◆ Task details ◆
The lines in the listing below are to be given again exactly, starting at the line holding "Image 1 of Large" and ending at the line holding "St Patricks Day Family Photo Frame". Do not include pictures.
+ + + + + + +
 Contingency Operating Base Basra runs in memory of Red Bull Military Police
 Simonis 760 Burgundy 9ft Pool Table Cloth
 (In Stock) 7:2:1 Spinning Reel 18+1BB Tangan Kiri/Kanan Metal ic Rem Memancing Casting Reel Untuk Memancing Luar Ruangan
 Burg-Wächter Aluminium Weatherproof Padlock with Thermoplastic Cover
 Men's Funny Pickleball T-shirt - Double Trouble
+ + + + + + +
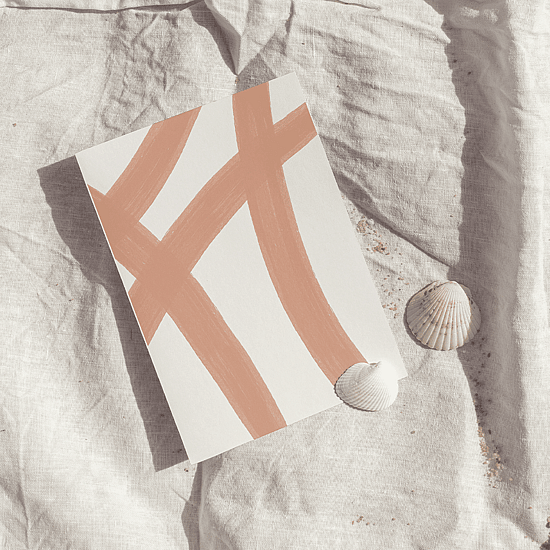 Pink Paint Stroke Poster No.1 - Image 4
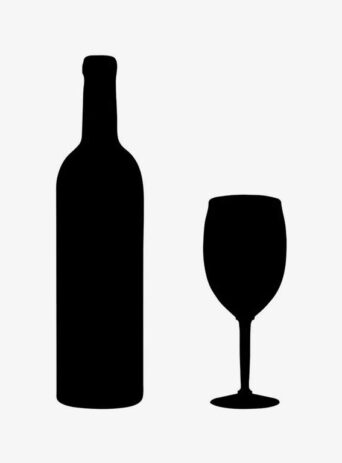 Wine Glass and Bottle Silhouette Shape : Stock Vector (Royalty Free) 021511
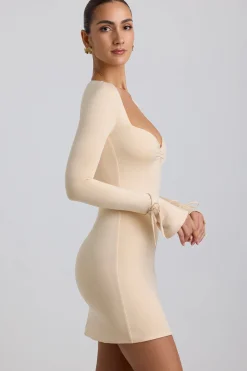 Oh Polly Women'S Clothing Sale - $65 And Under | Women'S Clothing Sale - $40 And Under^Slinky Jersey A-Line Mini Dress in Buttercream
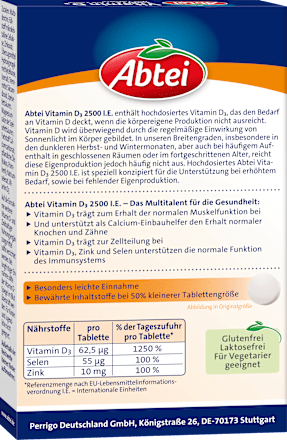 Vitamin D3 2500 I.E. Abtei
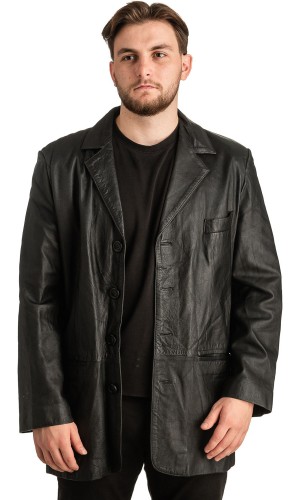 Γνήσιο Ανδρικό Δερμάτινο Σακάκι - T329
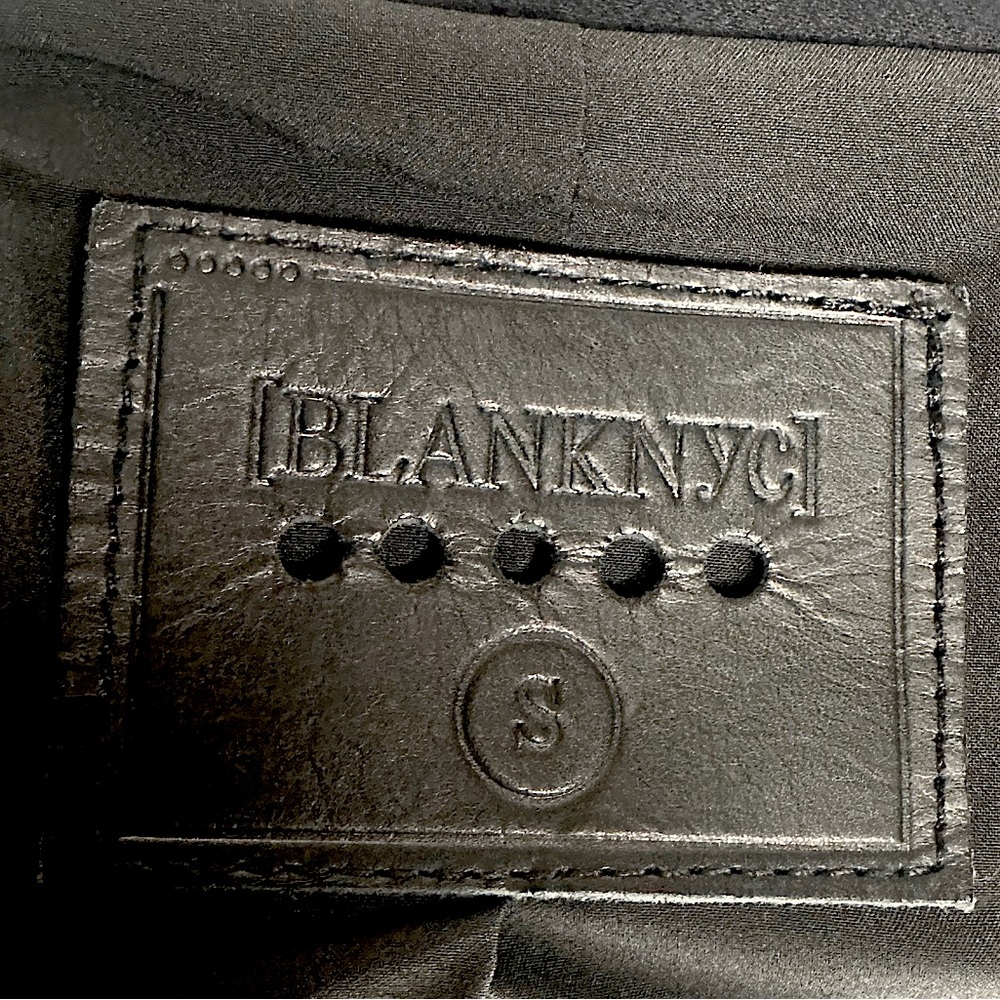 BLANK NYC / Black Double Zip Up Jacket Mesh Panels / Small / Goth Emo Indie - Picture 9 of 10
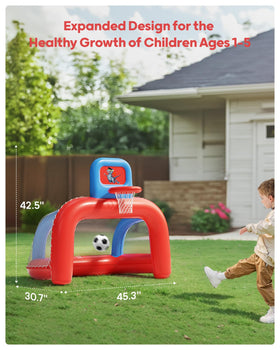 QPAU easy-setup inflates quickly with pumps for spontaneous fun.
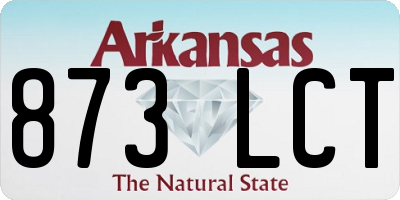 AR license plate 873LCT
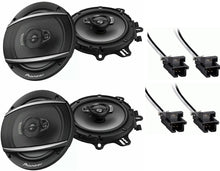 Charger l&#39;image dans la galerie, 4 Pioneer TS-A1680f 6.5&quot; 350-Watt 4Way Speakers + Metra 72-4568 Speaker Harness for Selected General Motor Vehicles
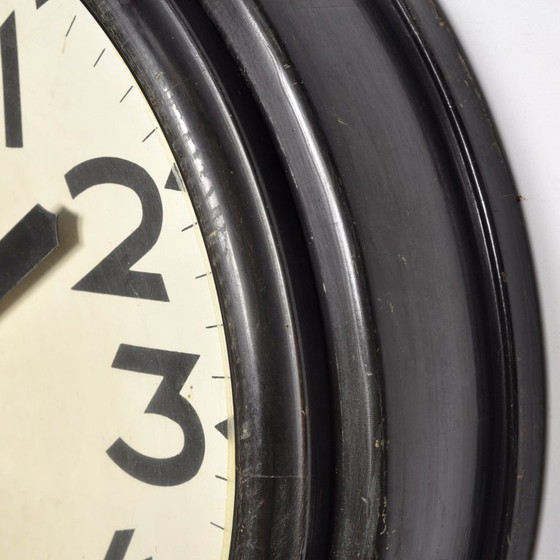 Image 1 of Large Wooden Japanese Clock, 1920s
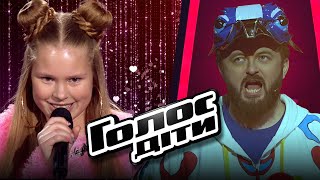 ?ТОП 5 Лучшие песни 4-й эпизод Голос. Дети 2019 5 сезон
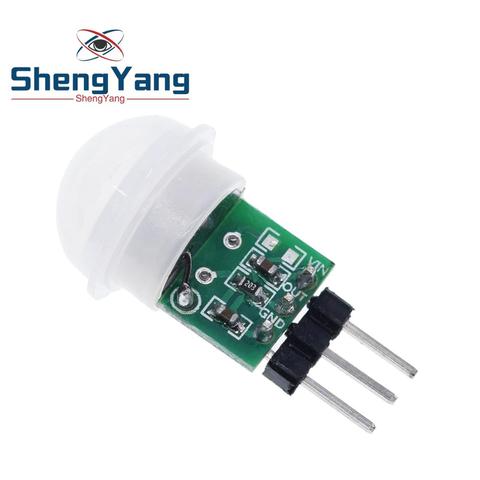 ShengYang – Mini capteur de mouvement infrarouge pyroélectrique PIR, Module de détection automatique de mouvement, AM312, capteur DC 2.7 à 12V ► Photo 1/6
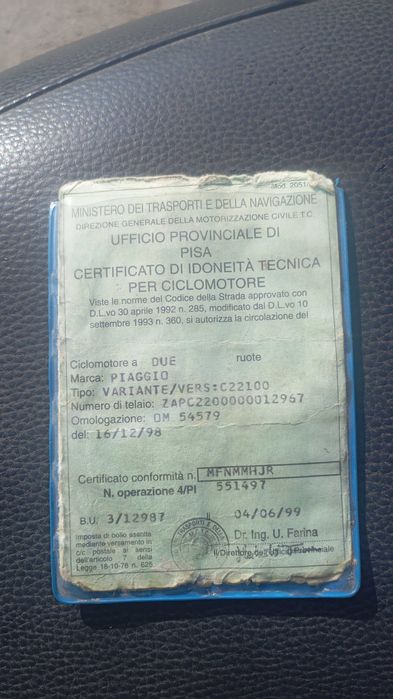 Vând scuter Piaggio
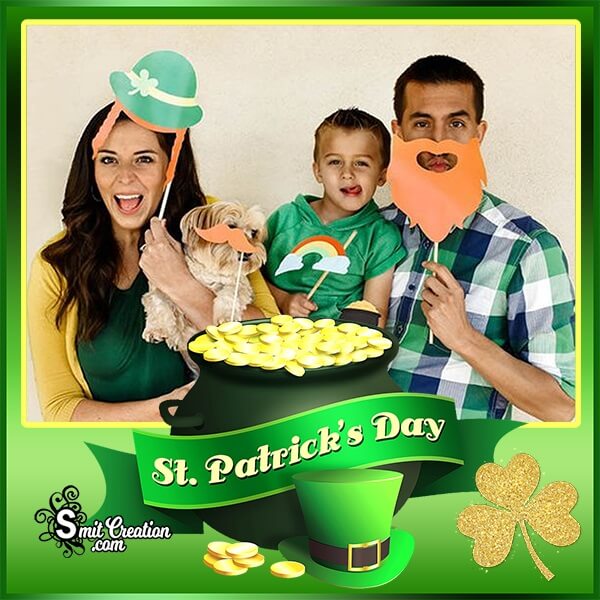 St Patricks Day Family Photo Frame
+ + + + + + +
◆ Task answer ◆
 Image 1 of Large Wooden Japanese Clock, 1920s
 ?ТОП 5 Лучшие песни 4-й эпизод Голос. Дети 2019 5 сезон
 ShengYang – Mini capteur de mouvement infrarouge pyroélectrique PIR, Module de détection automatique de mouvement, AM312, capteur DC 2.7 à 12V ► Photo 1/6
 Vând scuter Piaggio
 St Patricks Day Family Photo Frame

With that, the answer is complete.